The state-run news agency SANA blamed the attack on terrorists, the term the regime uses for rebels who are fighting to topple the government.

An Education Ministry official, however, said 13 students and one teacher had been killed. The discrepancy could not be immediately reconciled.

The official spoke on condition of anonymity because he was not authorized to brief the media.

The mortar hit the al-Batiha school in al-Wafideen camp, about 15 miles northeast of Damascus, according to SANA. The camp houses 25,000 people displaced from the Golan Heights since the 1967 war between Syria and Israel.

Earlier, Syrian forces fired artillery at rebel targets in and around Damascus on Tuesday as the country’s civil war closed in on Assad’s seat of power and the international community grew increasingly alarmed about the regime’s chemical weapons stocks.

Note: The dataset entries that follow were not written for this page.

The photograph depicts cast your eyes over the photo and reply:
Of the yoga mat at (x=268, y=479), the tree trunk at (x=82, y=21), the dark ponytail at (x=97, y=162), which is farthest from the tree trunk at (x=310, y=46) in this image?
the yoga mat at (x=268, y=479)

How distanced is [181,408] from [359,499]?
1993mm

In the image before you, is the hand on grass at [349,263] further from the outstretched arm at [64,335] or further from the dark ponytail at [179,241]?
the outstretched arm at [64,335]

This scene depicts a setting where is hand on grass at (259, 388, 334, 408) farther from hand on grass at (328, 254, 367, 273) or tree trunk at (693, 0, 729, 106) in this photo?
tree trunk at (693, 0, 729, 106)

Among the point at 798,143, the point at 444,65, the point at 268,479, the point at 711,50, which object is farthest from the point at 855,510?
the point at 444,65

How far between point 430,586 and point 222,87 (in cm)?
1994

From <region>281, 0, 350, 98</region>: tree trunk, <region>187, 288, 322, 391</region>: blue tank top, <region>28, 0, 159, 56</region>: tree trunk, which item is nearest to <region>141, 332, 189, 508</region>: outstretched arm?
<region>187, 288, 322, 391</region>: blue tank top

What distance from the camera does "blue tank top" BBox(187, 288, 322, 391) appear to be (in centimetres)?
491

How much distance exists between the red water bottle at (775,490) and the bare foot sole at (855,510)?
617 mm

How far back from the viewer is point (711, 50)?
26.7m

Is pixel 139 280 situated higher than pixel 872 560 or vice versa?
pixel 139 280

Syrian rebels have made gains in recent weeks, overrunning military bases and taking the fight to Damascus.

Since Thursday, the capital has seen some of the heaviest fighting since July, killing scores of people, forcing international flights to turn back or cancel flights and prompting the United Nations to withdraw most of its international staff.

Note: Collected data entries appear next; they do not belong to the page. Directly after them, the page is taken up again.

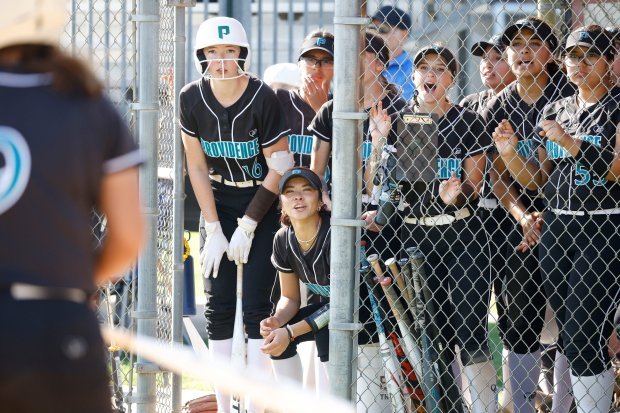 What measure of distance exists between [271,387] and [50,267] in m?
0.51

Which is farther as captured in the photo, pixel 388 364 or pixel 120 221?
pixel 388 364

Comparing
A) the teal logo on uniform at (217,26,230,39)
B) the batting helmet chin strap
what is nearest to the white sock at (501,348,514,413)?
the batting helmet chin strap

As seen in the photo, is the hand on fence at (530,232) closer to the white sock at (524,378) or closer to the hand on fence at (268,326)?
the white sock at (524,378)

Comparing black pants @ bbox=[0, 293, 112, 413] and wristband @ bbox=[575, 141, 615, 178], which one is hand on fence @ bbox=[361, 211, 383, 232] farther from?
black pants @ bbox=[0, 293, 112, 413]

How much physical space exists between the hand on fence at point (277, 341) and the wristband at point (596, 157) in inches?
61.2

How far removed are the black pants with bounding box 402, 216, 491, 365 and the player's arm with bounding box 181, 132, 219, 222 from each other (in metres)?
0.99

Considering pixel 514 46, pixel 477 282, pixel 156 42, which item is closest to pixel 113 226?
pixel 156 42

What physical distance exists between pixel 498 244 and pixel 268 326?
1.19 m

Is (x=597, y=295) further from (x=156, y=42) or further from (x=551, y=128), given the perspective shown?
(x=156, y=42)

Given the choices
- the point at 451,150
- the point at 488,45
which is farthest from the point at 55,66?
the point at 488,45

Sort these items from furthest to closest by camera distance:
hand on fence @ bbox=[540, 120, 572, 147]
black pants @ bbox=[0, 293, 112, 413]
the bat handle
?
the bat handle
hand on fence @ bbox=[540, 120, 572, 147]
black pants @ bbox=[0, 293, 112, 413]

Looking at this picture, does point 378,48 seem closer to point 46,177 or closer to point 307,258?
point 307,258

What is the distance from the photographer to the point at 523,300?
5.11 m

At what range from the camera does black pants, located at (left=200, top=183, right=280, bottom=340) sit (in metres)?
5.27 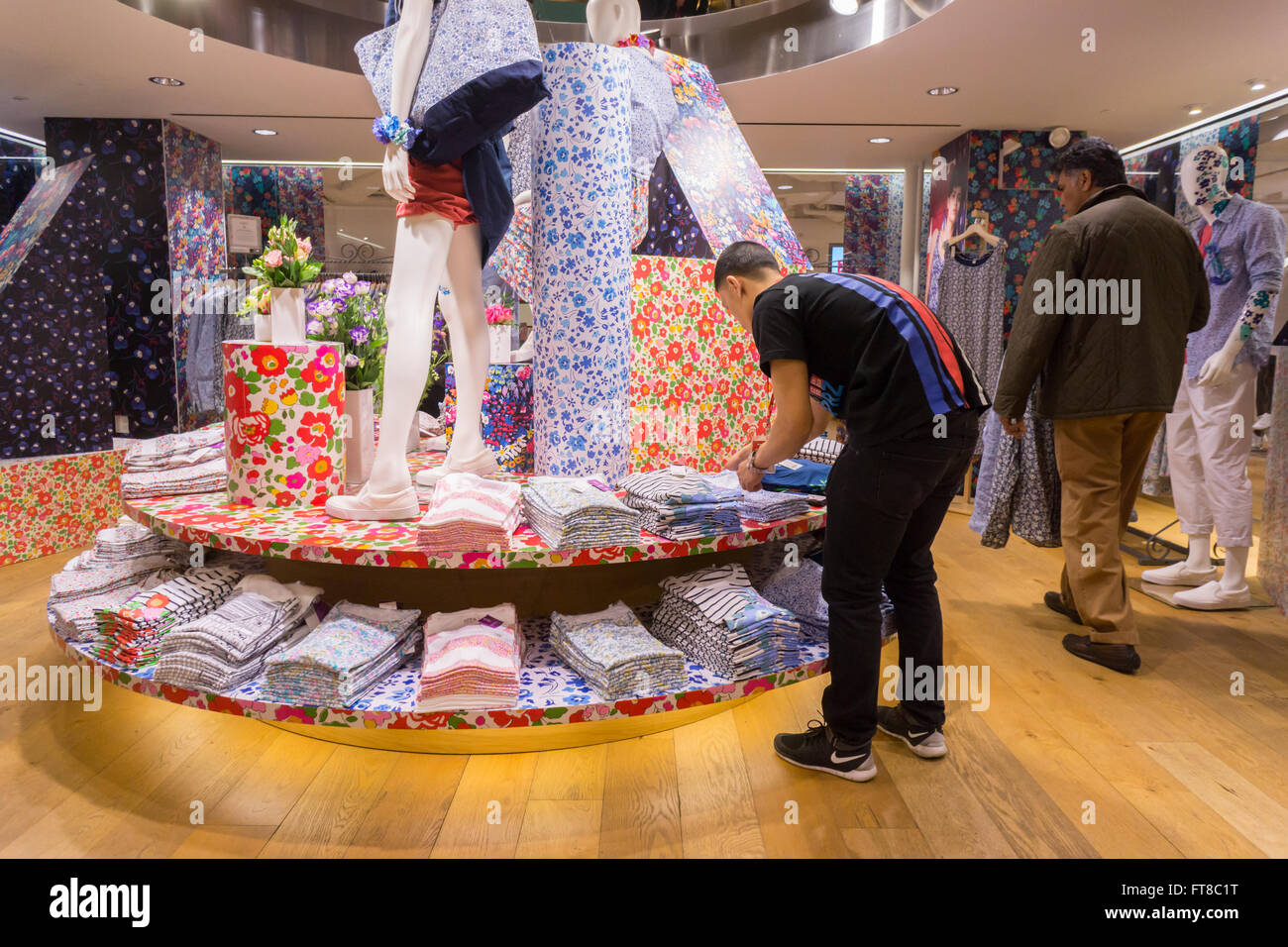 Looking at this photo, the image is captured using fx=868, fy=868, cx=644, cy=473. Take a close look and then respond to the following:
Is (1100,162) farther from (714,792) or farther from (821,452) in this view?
(714,792)

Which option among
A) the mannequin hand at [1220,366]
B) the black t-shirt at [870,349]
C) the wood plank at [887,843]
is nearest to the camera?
the wood plank at [887,843]

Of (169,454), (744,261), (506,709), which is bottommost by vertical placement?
(506,709)

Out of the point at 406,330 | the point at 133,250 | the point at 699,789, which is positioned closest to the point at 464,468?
the point at 406,330

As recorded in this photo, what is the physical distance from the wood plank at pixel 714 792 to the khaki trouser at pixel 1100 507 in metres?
1.36

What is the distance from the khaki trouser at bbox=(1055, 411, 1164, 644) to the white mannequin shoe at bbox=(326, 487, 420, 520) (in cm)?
216

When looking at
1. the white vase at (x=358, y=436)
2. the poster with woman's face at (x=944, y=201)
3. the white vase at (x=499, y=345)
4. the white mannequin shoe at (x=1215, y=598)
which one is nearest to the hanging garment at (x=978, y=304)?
the poster with woman's face at (x=944, y=201)

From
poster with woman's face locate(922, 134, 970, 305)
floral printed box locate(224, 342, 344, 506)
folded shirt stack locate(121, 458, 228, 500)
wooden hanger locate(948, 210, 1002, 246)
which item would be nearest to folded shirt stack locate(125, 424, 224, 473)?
folded shirt stack locate(121, 458, 228, 500)

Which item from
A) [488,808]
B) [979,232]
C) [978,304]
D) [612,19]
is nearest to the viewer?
[488,808]

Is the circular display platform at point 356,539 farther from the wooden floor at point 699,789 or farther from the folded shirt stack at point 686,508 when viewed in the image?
the wooden floor at point 699,789

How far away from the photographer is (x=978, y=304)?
A: 6.19 meters

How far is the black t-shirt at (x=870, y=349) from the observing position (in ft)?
6.39

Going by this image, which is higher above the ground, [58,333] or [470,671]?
[58,333]

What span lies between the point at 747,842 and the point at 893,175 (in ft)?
24.4

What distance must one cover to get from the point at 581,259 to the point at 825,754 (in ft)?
5.37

U.S. intelligence has detected signs the regime was moving chemical weapons components around within several sites in recent days, according to a senior U.S. defense official and two U.S. officials. The activities involved movement within the sites, rather than the transfer of components in or out of various sites, two of the officials said.

But this type of activity had not been detected before and one of the U.S. officials said it bears further scrutiny.

NATO Secretary-General Anders Fogh Rasmussen warned Tuesday that “if anybody uses chemical weapons, I would expect an immediate reaction from the international community.”

His comments echoed a warning Monday from President Barack Obama that there would be consequences if Assad made the “tragic mistake” of deploying chemical weapons.

“Syrian stockpiles of chemical weapons are a matter of great concern,” Fogh Rasmussen said as he arrived in Brussels.